In book after book, the Bible lays out the far-ranging effects of the Fall. It says that sin has ruined our legal standing with God, broken our relationships with one another, degraded the cultures we create together, subjected our bodies to entropy, death and decay, and ruined the way we think and reason. (This is what theologians call “the noetic effects of the fall,” or the effects the fall had on the life of our mind. Paul calls it, “seeing the world through a dim piece of glass.”)
If the Fall has noetic effects, then until we are made perfect, there is always a good chance we are wrong about something, even something to which we are deeply committed. This chance that we are wrong is why Scripture calls us not to be judges, not to be jurors, not to be prosecutors, not even to be defendants, but to be witnesses.

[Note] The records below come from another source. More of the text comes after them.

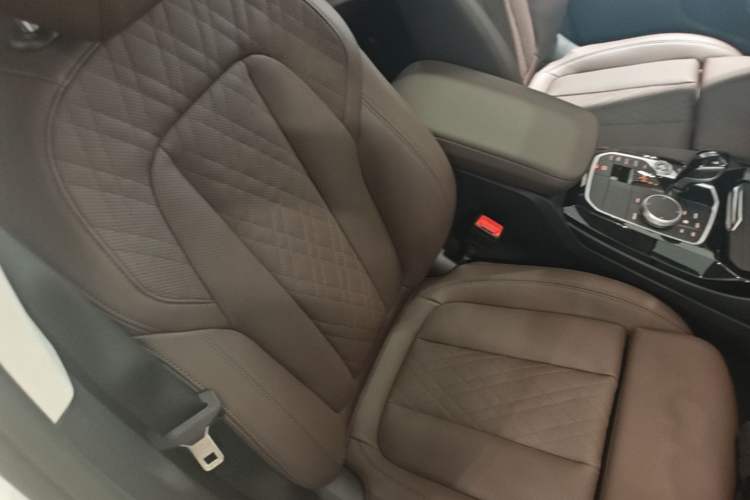 Used BMW X3 2023 xDrive25i M Sport Package Right Front Seat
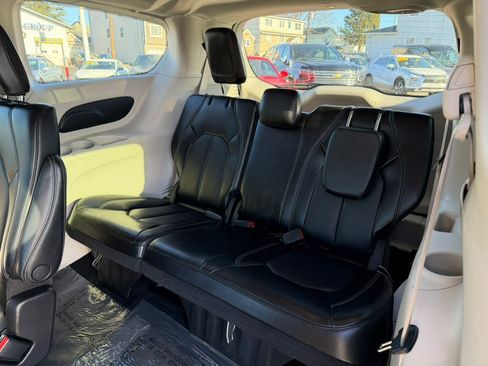 Used 2023 Chrysler Pacifica Touring-L image 19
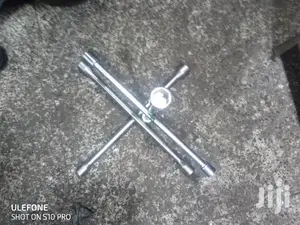 Wheel Spanner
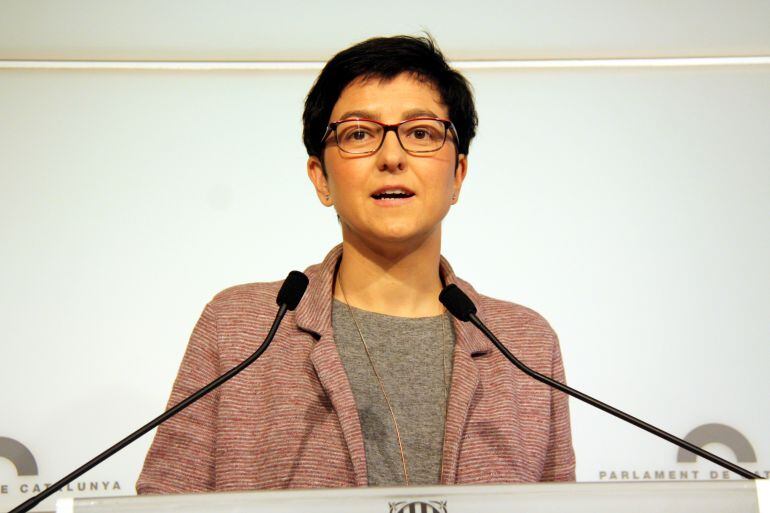 Eva Granados, portaveu del PSC al Parlament, diu que el Govern s'ha de fer seves les resolucions que van sortir del ple de la pobresa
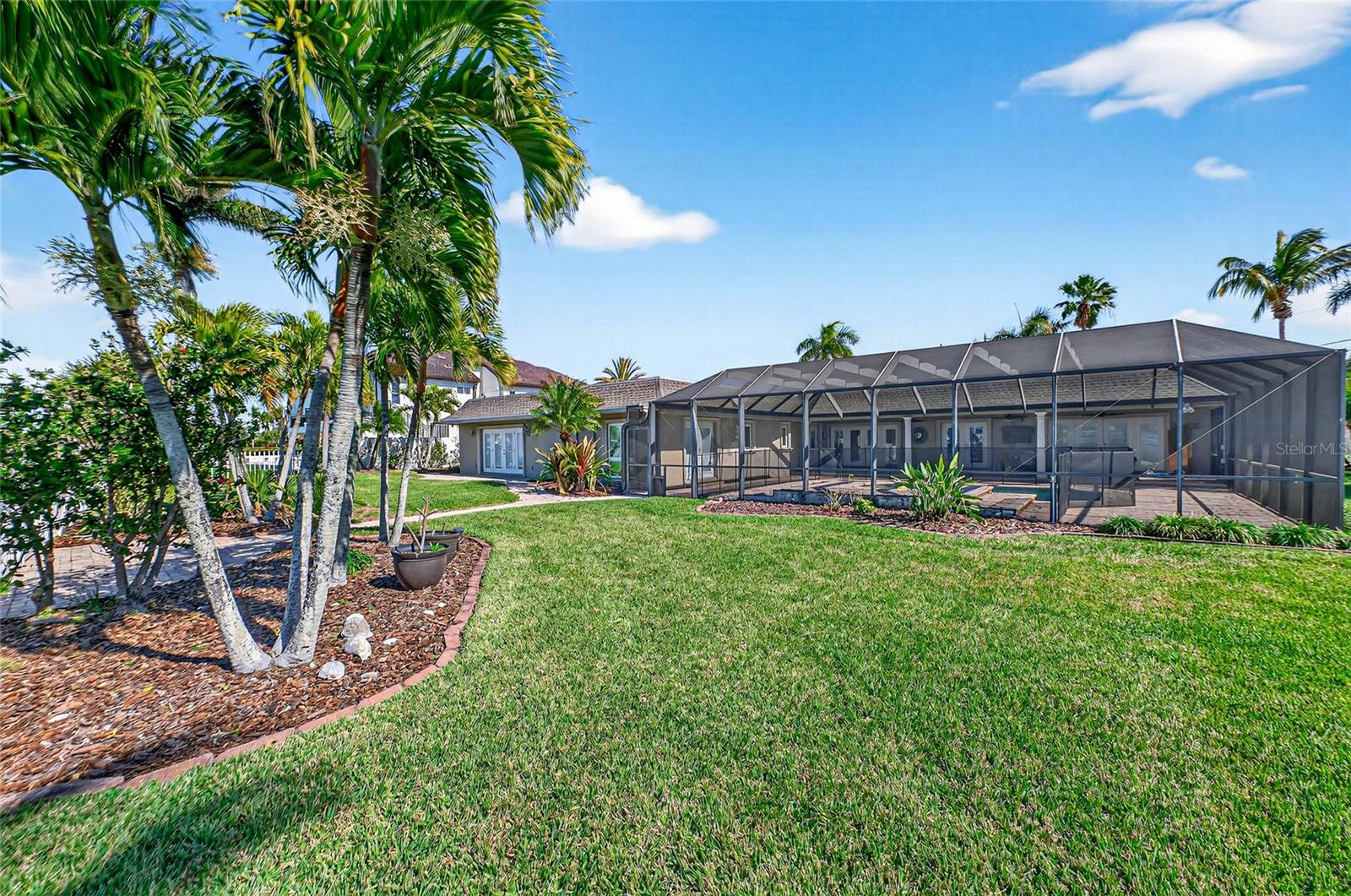 CARLTON ESTATES - Residential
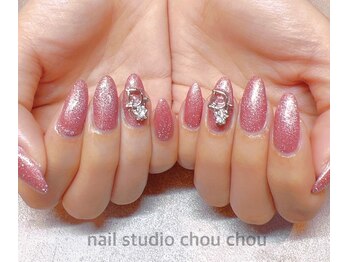 ネイルアンドアイラッシュスタジオ シュシュ(chouchou)/マグネット×パーツ豊富サロン
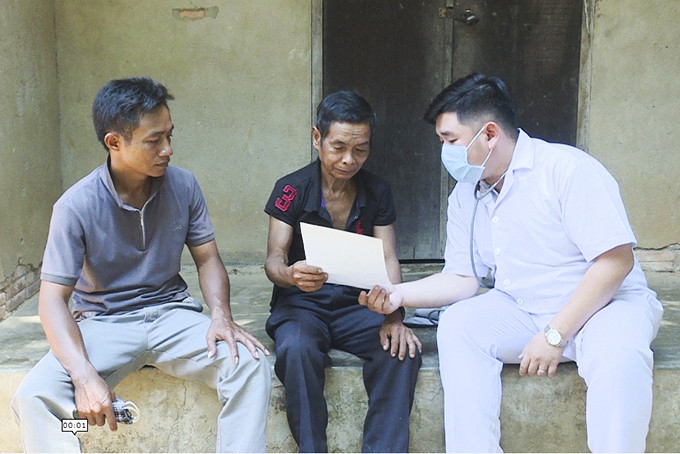 Tư vấn sức khỏe kết hợp tuyên truyền công tác bình đẳng giới tại huyện Khánh Sơn. 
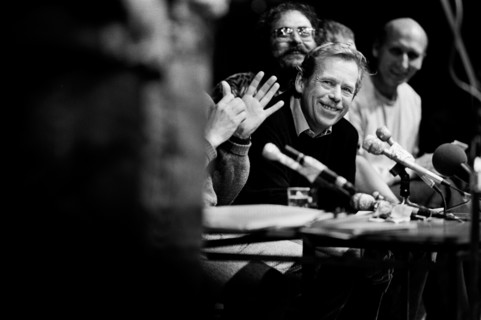 Vaclav Havel meetsthe press at the Magic Lantern  in Prague announcing the collapse of communism. Czechoslovakia November 1989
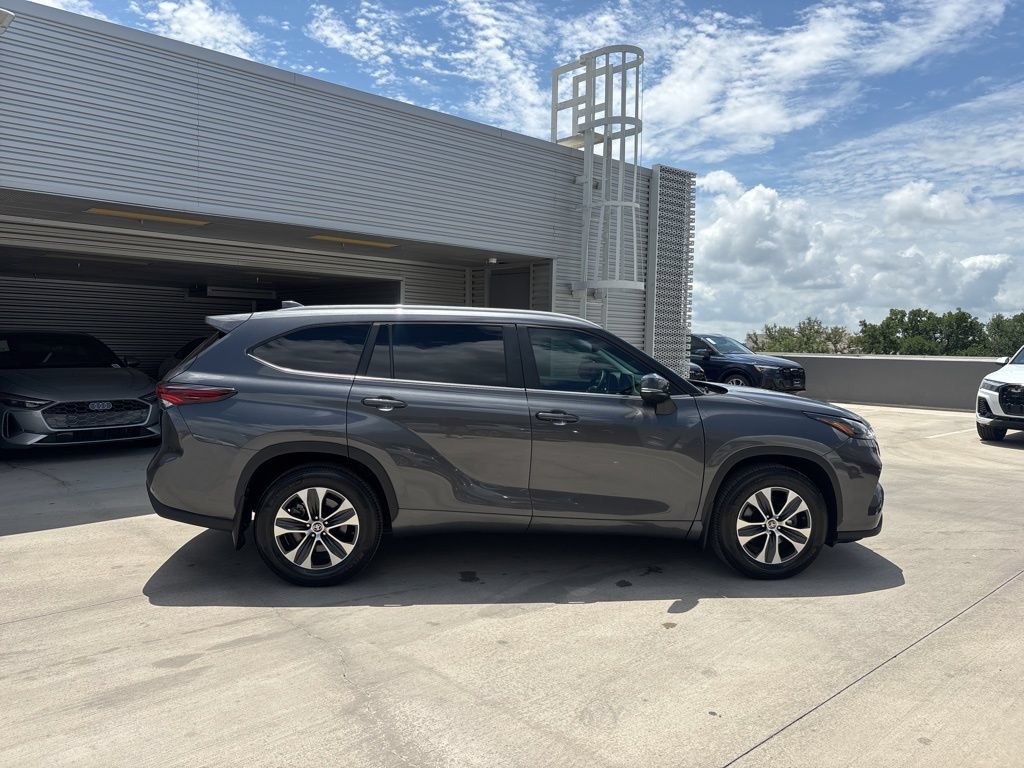 Used 2025 Toyota Highlander XLE FWD image 4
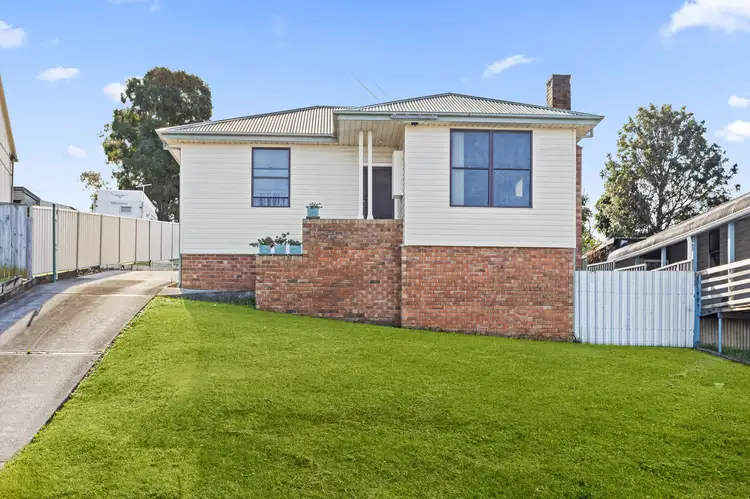 6 Derby Street, Berkeley NSW 2506
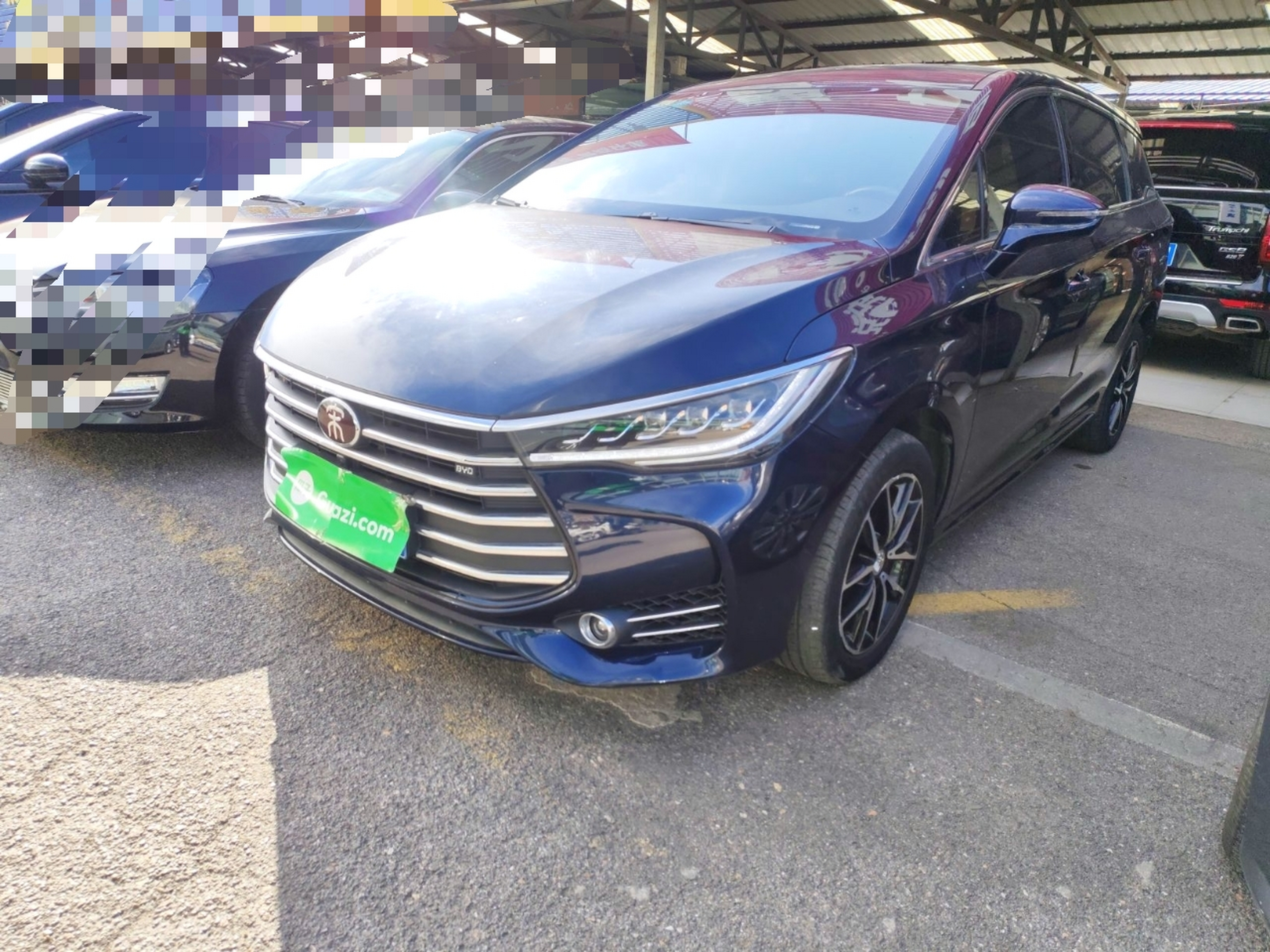 Под передней частью автомобиля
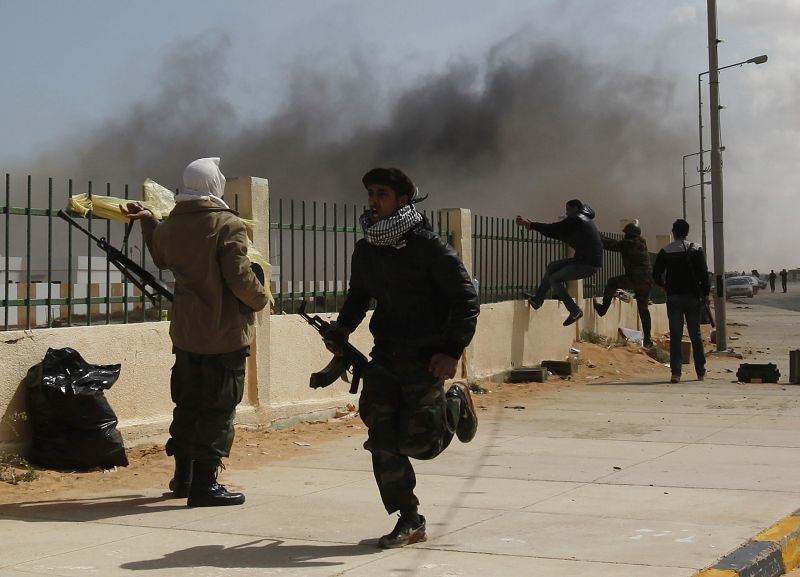 Aviões líbios atacaram as forças rebeldes nesta terça-feira | Reuters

Our job in this world is not to rule, because our rule would not be perfect. Jesus’ job will be to rule. Our job as witnesses is to testify, to tell the story of our God.
The way we testify is by living lives worthy of the gospel. This means living and acting differently from the people around us—especially when the only thing separating us from those people is our faith.
Our political ideologies are the product of people who simultaneously reflect and distort God’s glory—and no creation is greater than the people who created it. Our goal in the public square therefore should not be merely to champion our political tribes, because that would mean working to empower their sin as much as it would mean empowering their glory. Instead, we should seek to witness to our political tribes, even critiquing our own groups when necessary, and we often must do that by contrasting ourselves against them.
In the end, Christians are not called to conform to our traditions—even the traditions created by other Christians. We are called to redeem them, wherever and however we can, even if we can never make them perfect.